Here is the video for the talk
and here is the slides. Below are the scripts.
1. Lead-in
Hi. Today I am going to present the paper “Server-Driven Video Streaming for Deep Learning Inference”. I am Kuntai Du, a first-year Ph.D. student from University of Chicago. This is a joint work with google brain. After this ten-minutes talk, you will be able to learn about a new server-driven approach in video streaming for analytics scenario. So now, let’s start!
2. Video streaming for analytics become more and more pervasive
Nowadays, video streaming for deep-neural-net-based analytics is more and more pervasive. For example, people use wild-life camera for the animals, On the street, people deploy traffic camera to monitor the traffic. People also use drone camera to efficiently collect information in a wide area.
As so many video streams are waiting for analytics to generate valuable insight, our goal is to scale out video streaming for analytics. To achieve this goal,
3. Design goals of video streaming protocol
We need to design a video streaming protocol that streams the video from the camera, through the network and to the server-side deep-neural-net, DNN for short. To make video streaming protocol scalable, we focus on two critical design goals. First and foremost, in order to make the analytic results valuable, a video streaming protocol must preserve high inference accuracy as if the video is sending to the server-side DNN in its entirety. Second, a video streaming protocol should also save bandwidth. This is because the bandwidth cost of, for example, the cellular network, will be proportional to the total data sent. By saving the bandwidth, we can save more and more bandwidth cost as the video streaming time grows. On the other hand, the streaming delay per frame is proportional to bandwidth usage per frame. Hence, saving bandwidth will reduce the streaming delay per frame and thus reduce the overall delay.
But, where is the research opportunity for us to meet these two design goals?
4. Bandwidth saving opportunity: aggressive compression
Luckily, video streaming for analytics, as a new type of streaming, opens new research opportunity in terms of bandwidth saving. Traditionally, the video is streamed from the video server to the human viewers, who care about the global visual quality. As shown on the left side, since every pixel contributed to the overall visual quality, the video streaming codec has to stream all pixels with nearly the same quality, including those pixels that are not relevant to the inference results, like the street and the tree. But in our scenario, the video is streamed from the camera to the server-side DNN, which only cares about the inference accuracy. So, we can aggressively compress those pixels that are not related to the inference accuracy. In the right figure, we mark those pixels that can be aggressively compressed as grey.
In short, video analytics enable aggressive compression on non-object pixels, like tree pixels and street pixels.
However, we are not the first one who see this bandwidth saving opportunity.
5. Previous works: Camera-side heuristics
So now let’s see how previous works explore this opportunity.
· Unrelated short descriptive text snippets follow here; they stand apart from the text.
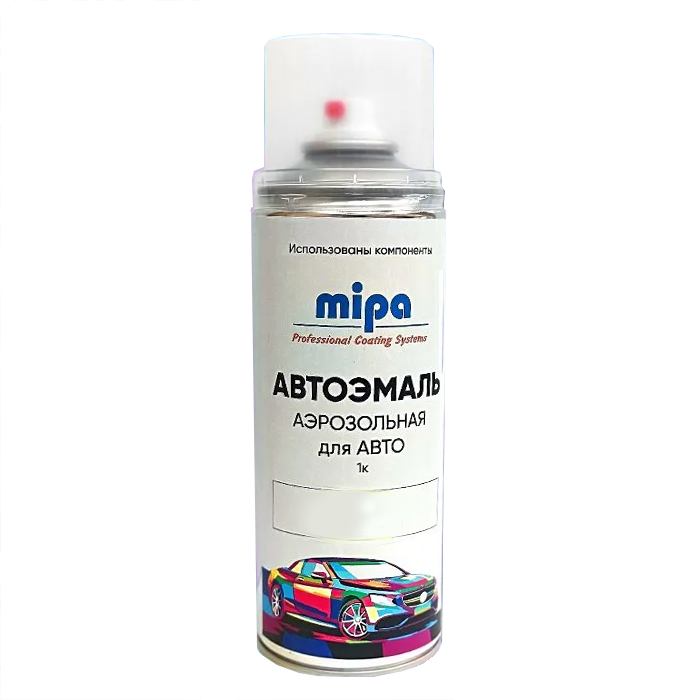 Mipa Autospray BC Базовая аэрозольная эмаль PE EYC, объем 400мл.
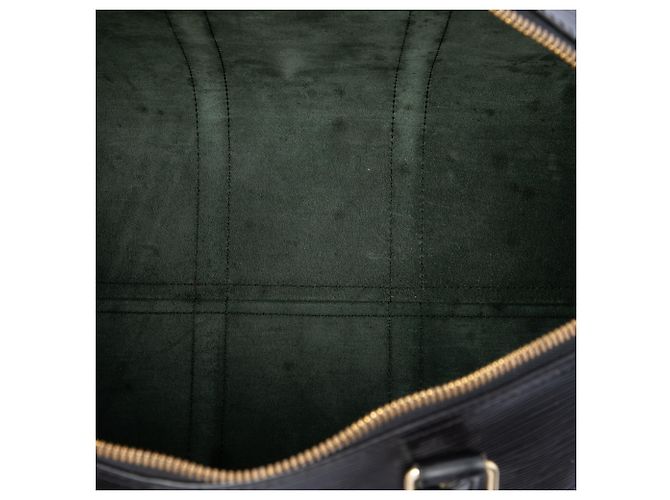 Louis Vuitton Black Epi Keepall 45 - vista 4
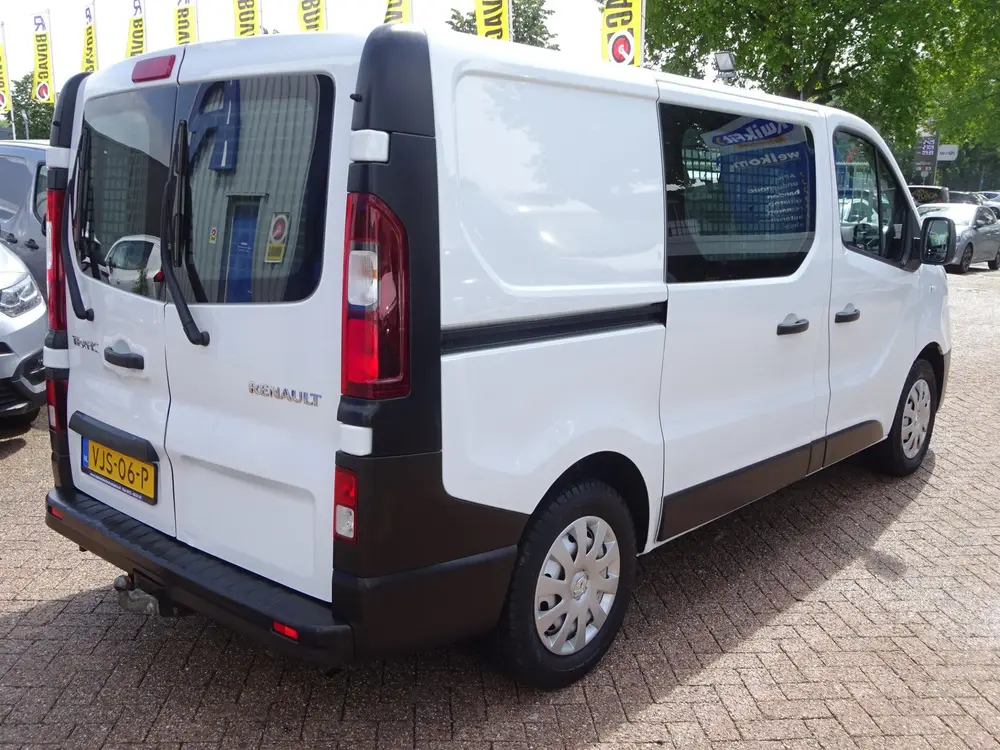 Renault Trafic 2.0 dCi 120 T29 L1H1 2 x SCHUIFDEUR AIRCO uit 2021, foto 4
One common approach is real-time camera-side heuristics. These approaches use real-time camera-side heuristics as a filter to drop pixels that are possibly irrelevant to the final analytic results. Concretely, the camera first capture the frame, and the camera runs camera-side heuristics in real-time to filter out some pixels that are irrelevant to inference accuracy. The camera then sends the remaining part to the server. After that, the server performs DNN inference and gets the analytic results.
But real-time camera-side heuristics are bound to be sub-optimal. For example, let’s compare the frame sent by real-time camera-side heuristics and the ideal frame that includes all object-related pixels. We see that camera-side heuristics may miss many objects, like the four objects on the top-right corner and the two objects on the bottom-left corner.
This is because camera-side compute is too limited to support accurate heuristics. Based on this observation,
6. Challenge
We argue that, in order to be accurate, we must put the real-time heuristics on the server instead of on the camera.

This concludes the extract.